The proposed representative plaintiffs had each entered recording agreements with UMG’s predecessor labels in the 1970s and 1980s, pursuant to which they granted the copyrights in their sound recordings to the labels. Each plaintiff had also served a written notice of termination of their respective copyright grants pursuant to Section 203, though UMG disputed the effectiveness of those notices. Plaintiffs sought to certify two proposed classes of similarly situated recording artists—one class seeking actual and statutory damages comprising plaintiffs whose termination notices contained effective dates that had already been reached, and a second class seeking only declaratory relief comprising plaintiffs whose effective termination dates had not yet arrived. Plaintiffs sought to enjoin UMG from infringing the copyrights of both classes. In order to certify the first proposed class, which sought money damages, plaintiffs were required under Federal Rule of Civil Procedure 23 to demonstrate that common questions of law or fact among the class members predominate over individual issues.  

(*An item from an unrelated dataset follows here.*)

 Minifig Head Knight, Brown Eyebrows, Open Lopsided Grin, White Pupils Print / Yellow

UMG asserted several defenses to plaintiffs’ infringement claims, including that plaintiffs’ works were all “made for hire” under Section 101 of the Copyright Act, to which the Section 203 termination does not apply. Although each of plaintiffs’ recording agreements contained language stating that the artists were “employees for hire,” and/or that the artists’ recordings were “works made for hire,” the court noted the work made-for-hire determination is a fact-intensive inquiry based on multiple tests adopted by the courts. The first test, set forth in the U.S. Supreme Court’s decision in Community for Creative Non-Violence v. Reid, applies 13 non-exhaustive factors to determine whether an author was an employee and produced the work within the scope of his or her employment. The district court reasoned that applying the Reid factors—which include the hiring party’s right to control the manner and means of creation, the hired party’s tax treatment and the provision of benefits, and whether the hiring party had the right to assign additional projects—requires evaluating evidence unique to each artist. Because the determination would depend on facts peculiar to each proposed class member, the court concluded that plaintiffs had failed to meet their burden on predominance.

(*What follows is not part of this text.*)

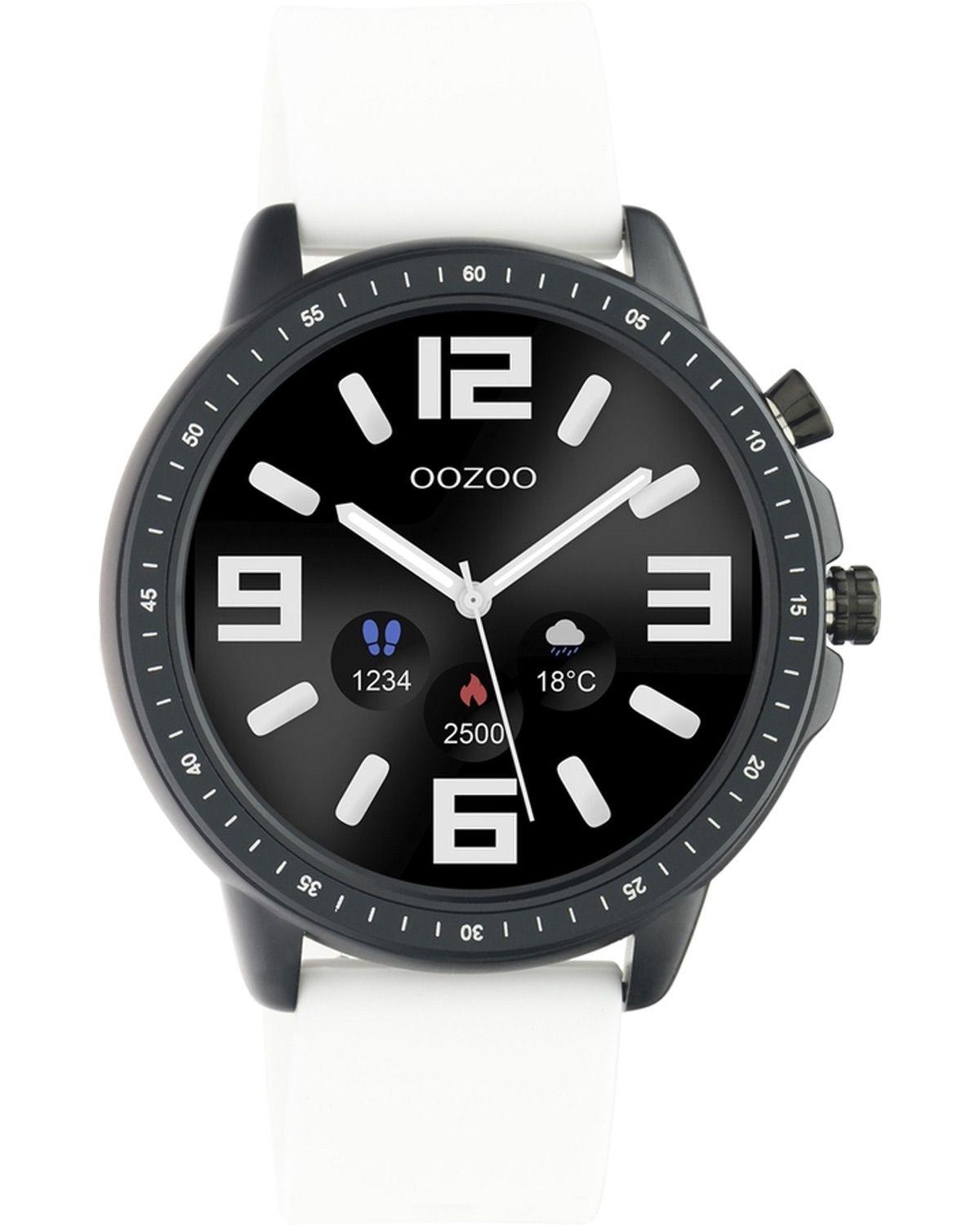OOZOO Smartwatch - Q00327, Black case with White Rubber Strap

The court also reasoned that the “instance and expense” test, which analyzes whether plaintiffs’ recordings were “specially commissioned” under the definition of work-for-hire under Section 101(2) of the Copyright Act, also requires an individualized inquiry. The court noted that this evaluation turns on the parties’ creative and financial arrangement in each case; the hiring party’s participation, investment and supervision in the creation of the work; and the nature of the payment to the hired party, all of which require separate factual inquiry for each artist. This test, too, undermined predominance and weighed against certification of the proposed class. Finally, the court held that another of UMG’s defenses—the alleged invalidity of plaintiffs’ written termination notices—also required individualized evaluation of the specific defects, intent and good faith involved in the infirmity of each termination notice.

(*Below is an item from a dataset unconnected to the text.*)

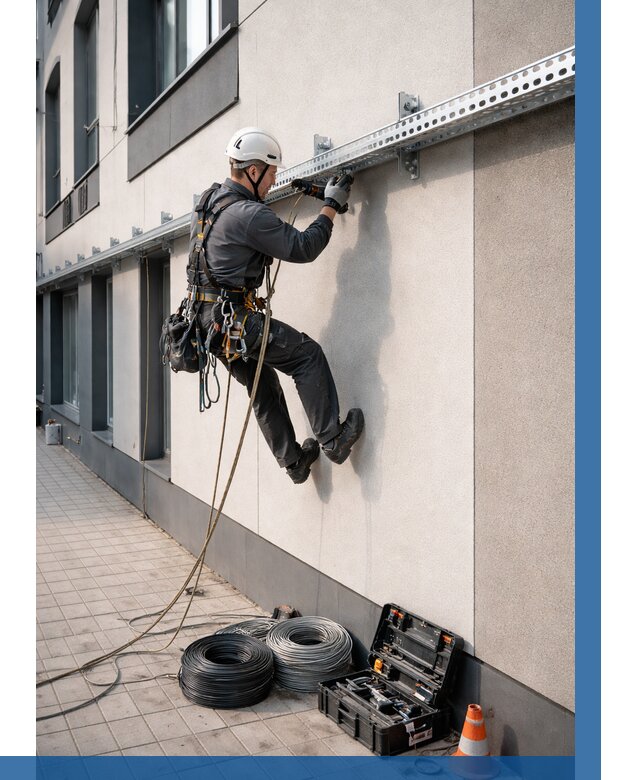 Монтаж кабельных лотков на фасаде в Клинцах от 1248 р. | ВЫСОТНИК-Клы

As to the second proposed class of artists whose termination effective dates had not yet been reached and which sought only injunctive relief against UMG, plaintiffs were required under Rule 23 to demonstrate that the class is “cohesive” and impacted in ways that apply generally to the class as a whole. The court reasoned that this proposed class was not cohesive for the same reasons as the first. In addition, the court ruled that plaintiffs had failed to demonstrate that UMG acted on grounds generally applicable to the class, because there was no evidence that UMG exploited all proposed class members’ works after the respective effective dates of termination, and this inquiry would be highly fact specific. Accordingly, the court denied the motion for class certification in its entirety.